___ Supplied records

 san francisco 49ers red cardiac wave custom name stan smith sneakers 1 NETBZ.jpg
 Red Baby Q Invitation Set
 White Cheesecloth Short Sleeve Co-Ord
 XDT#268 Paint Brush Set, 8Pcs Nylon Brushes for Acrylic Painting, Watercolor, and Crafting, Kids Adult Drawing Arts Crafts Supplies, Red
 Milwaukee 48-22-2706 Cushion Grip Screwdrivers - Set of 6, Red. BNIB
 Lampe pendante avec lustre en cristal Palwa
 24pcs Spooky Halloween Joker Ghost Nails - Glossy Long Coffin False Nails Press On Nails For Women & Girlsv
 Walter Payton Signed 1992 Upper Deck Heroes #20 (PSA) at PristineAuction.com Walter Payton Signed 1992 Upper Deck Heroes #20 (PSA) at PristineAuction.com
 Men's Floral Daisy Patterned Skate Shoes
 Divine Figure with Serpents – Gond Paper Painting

______

Using the entries above, tally every line that holds the word "Painting". Answer with that number only.

2